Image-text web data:
________________
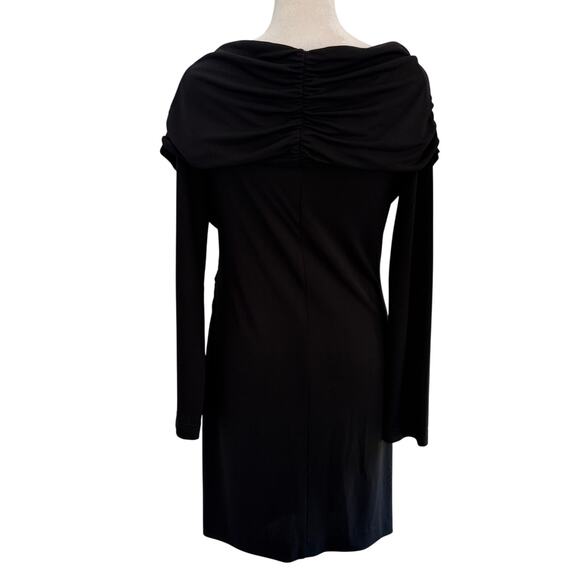 St. John Couture Black Draped Sz 6 Formal Cocktail Dress Long Sleeve Knee Length - Picture 4 of 7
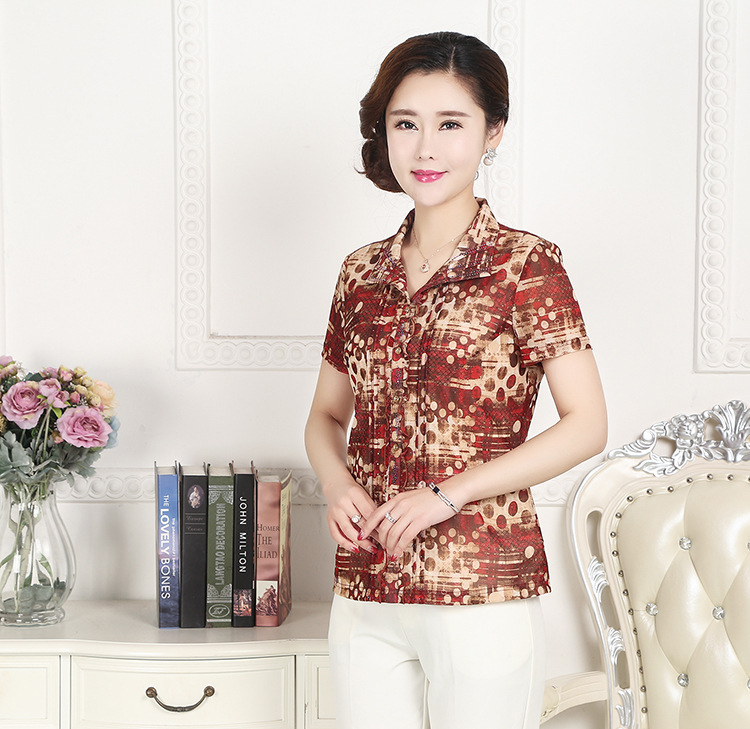 Taiwan gauze Mom summer short-sleeved shirts, large-sized mesh gauze T-shirts for middle-aged and elderly moms, one-piece consignment pic 8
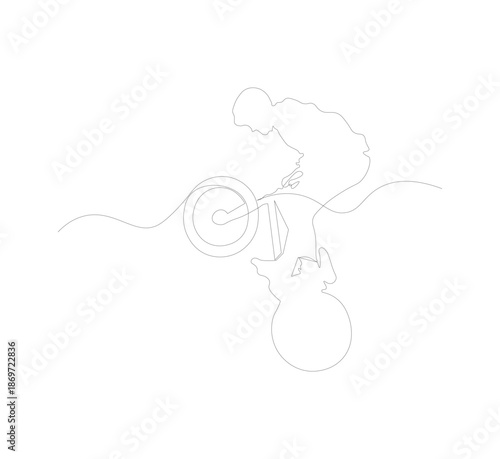 continuous line drawing of freestyle bmx biker. Vector illustration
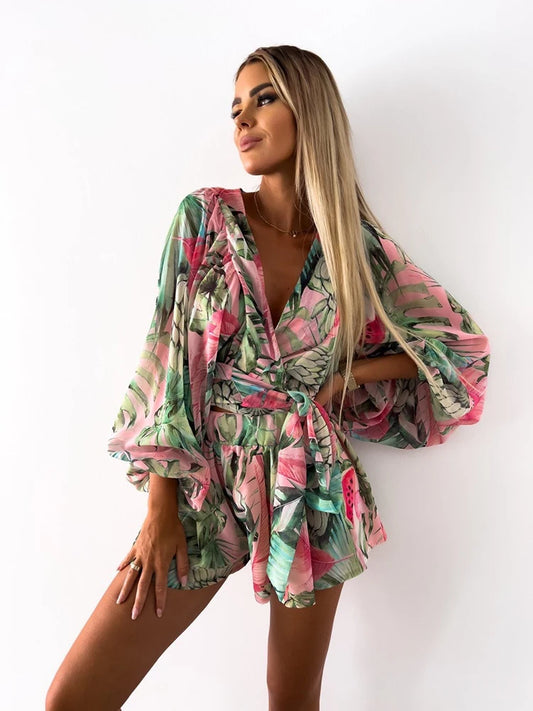 Floral Print Boho Beach Vacation Outfit, Sexy Lantern Sleeve Rompers, Casual Shorts, Summer Fashion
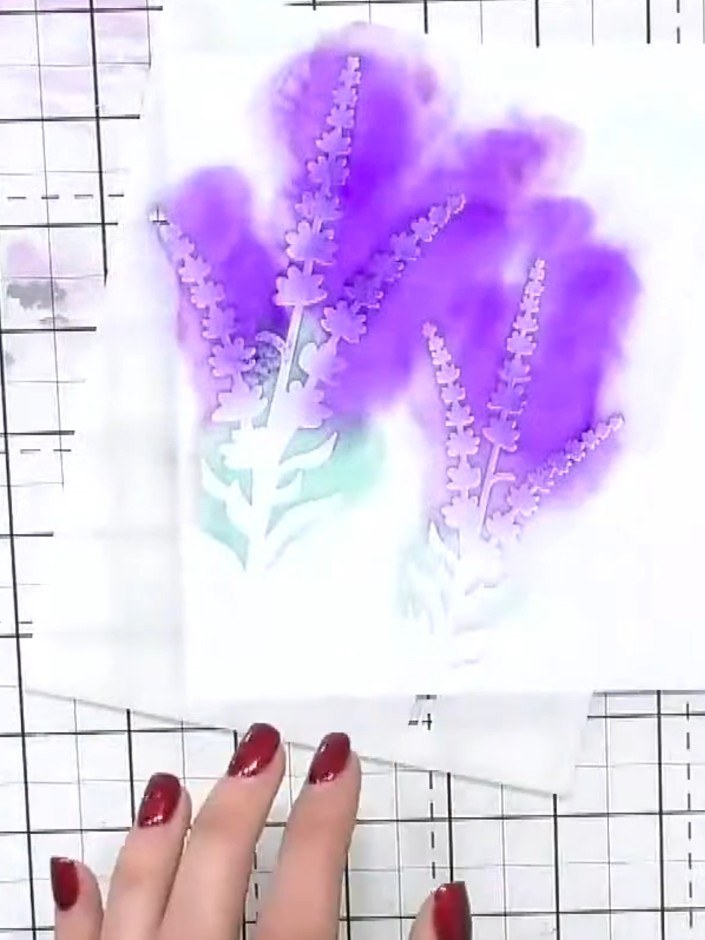 Step 7: Apply darker purple ink to the front lavender stems using a blending tool. Use lighter purple on the back stem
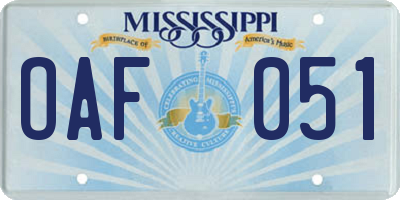 MS license plate OAF051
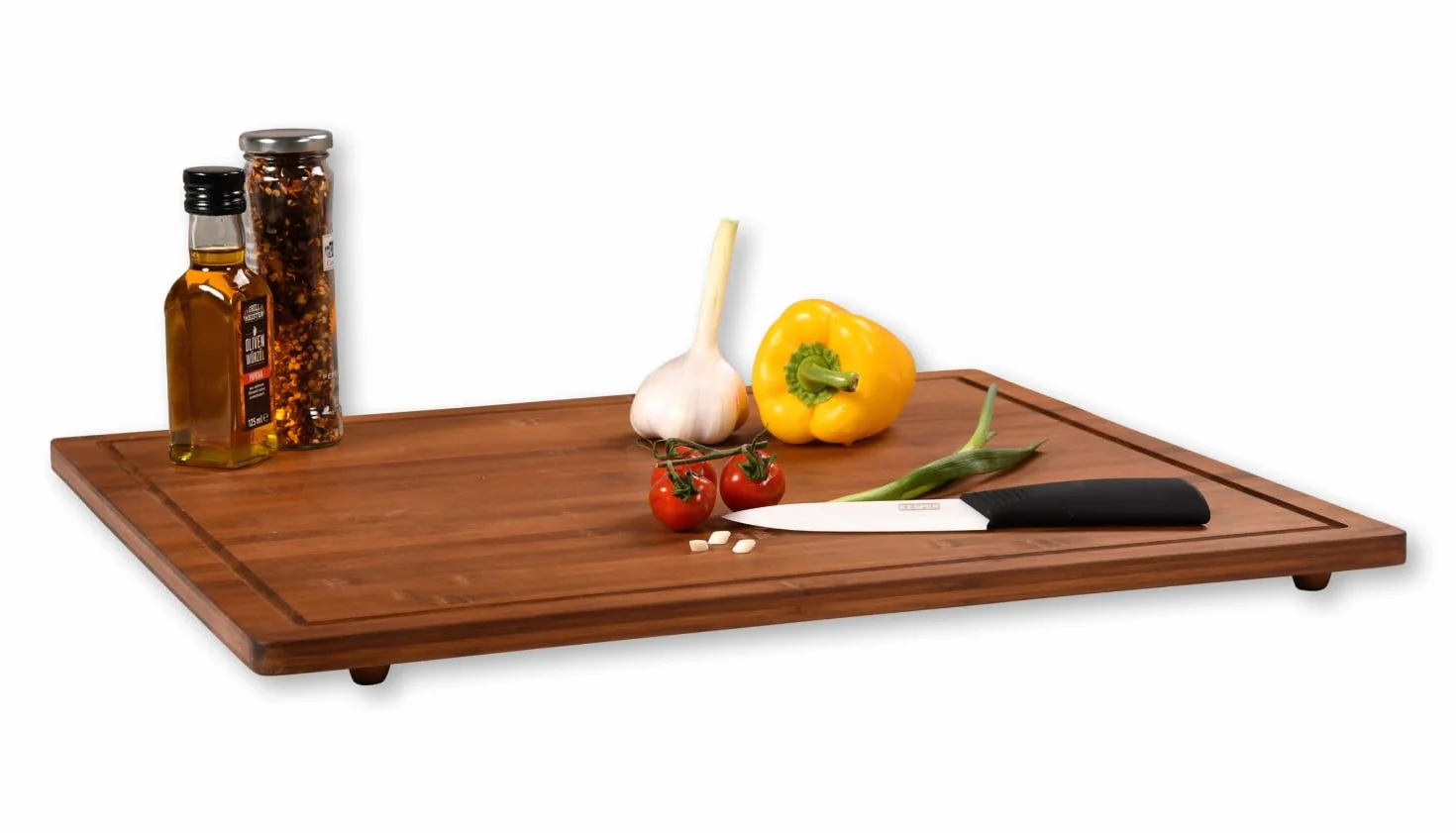 Kesper | Herdabdeckplatte, Material: Bambus, Maße: 56 x 50 cm, H: 4 cm (inkl. Füße) Farbe: Braun | 59599 13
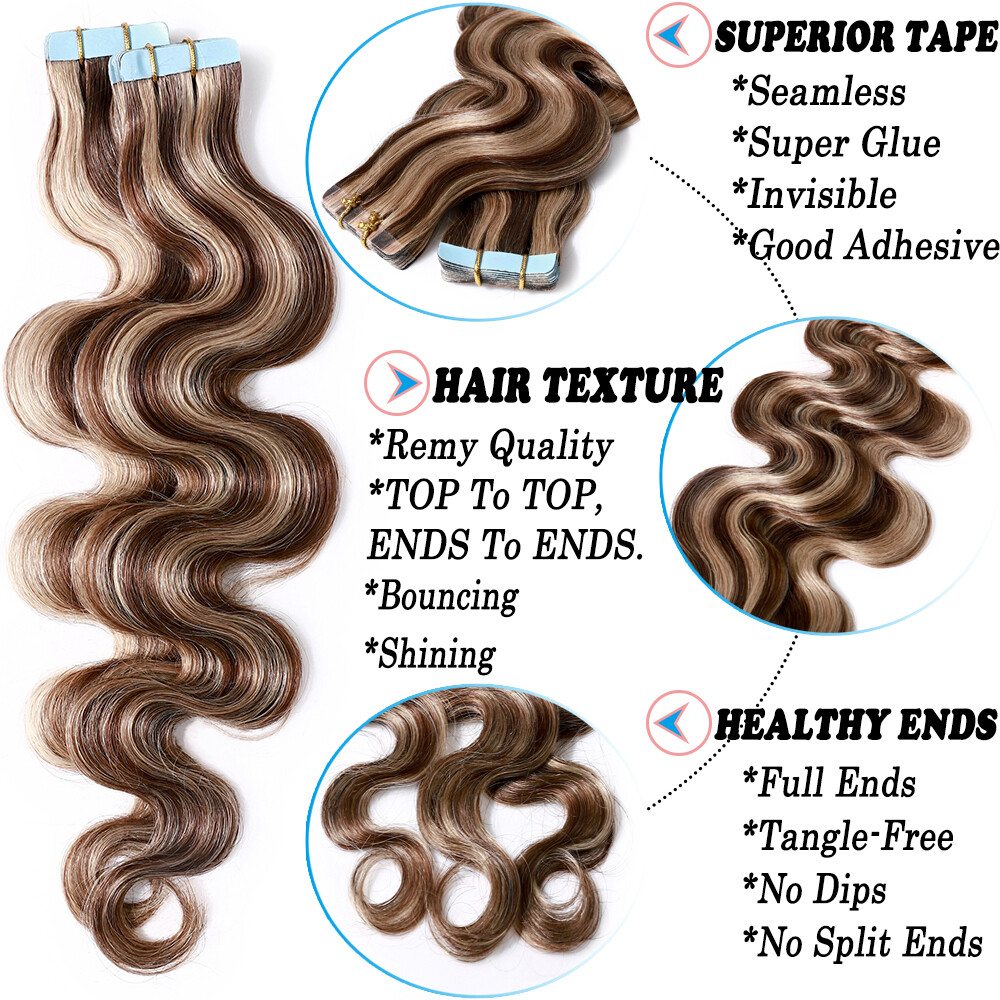 Thick 80PCS 200G 100% Tape In Real Remy Human Hair Extension Full Head Skin Weft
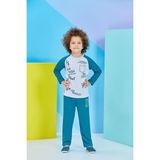 RolyPoly Uzun Kollu Erkek Çocuk Pijama Takımı Gri - Yeşil - 1 - 2 Yaş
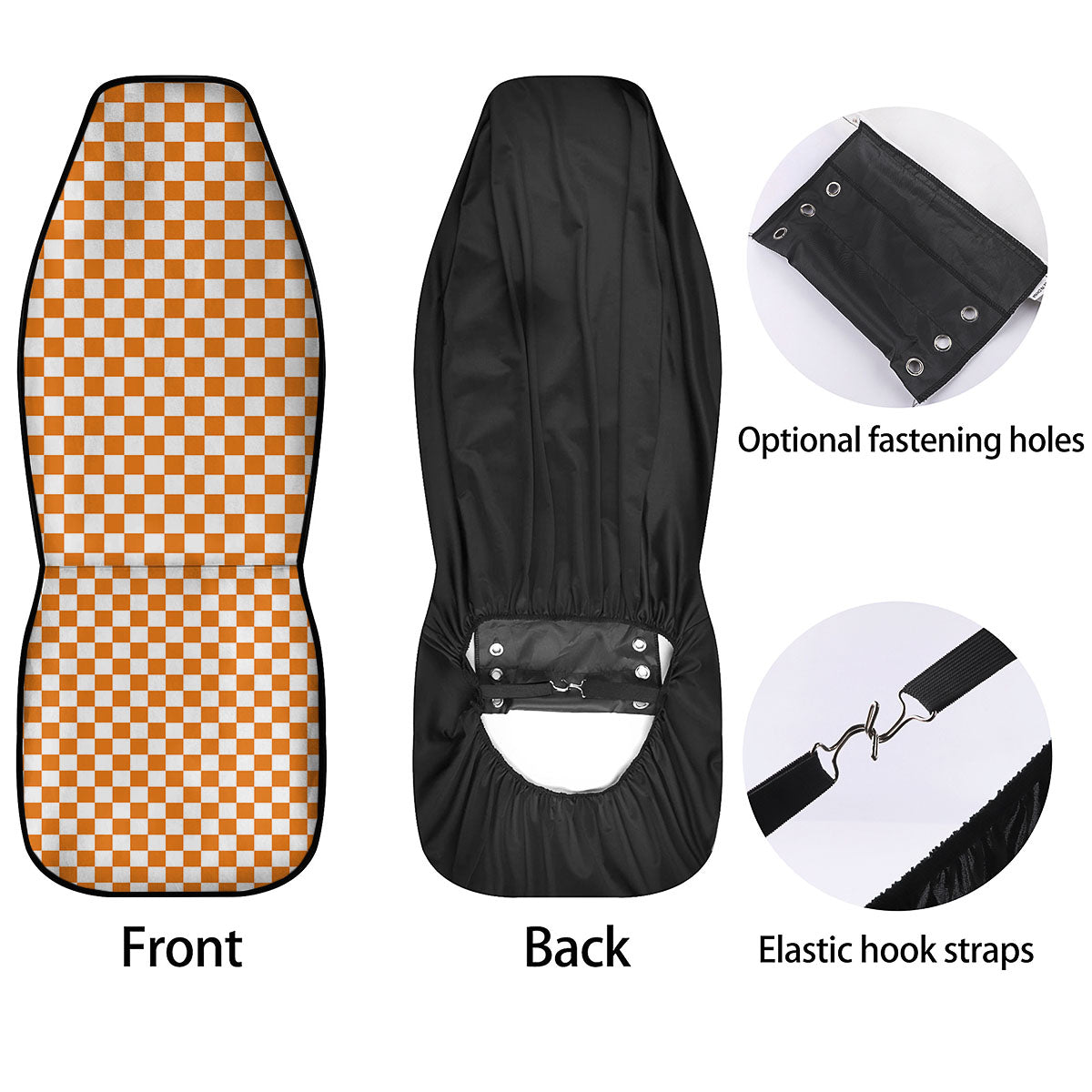 Checkered White And Orange Print Pattern Car Seat Covers-grizzshop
________________
(WHAT IS NEEDED) Although the records above contain pictures, the copy should not; retype exactly the lines from the one containing "continuous line drawing" through the one containing "Kesper | Herdabdeckplatte, Material: Bambus, Maße: 56".

(SOLUTION TO THIS TASK)
 continuous line drawing of freestyle bmx biker. Vector illustration
 Floral Print Boho Beach Vacation Outfit, Sexy Lantern Sleeve Rompers, Casual Shorts, Summer Fashion
 Step 7: Apply darker purple ink to the front lavender stems using a blending tool. Use lighter purple on the back stem
 MS license plate OAF051
 Kesper | Herdabdeckplatte, Material: Bambus, Maße: 56 x 50 cm, H: 4 cm (inkl. Füße) Farbe: Braun | 59599 13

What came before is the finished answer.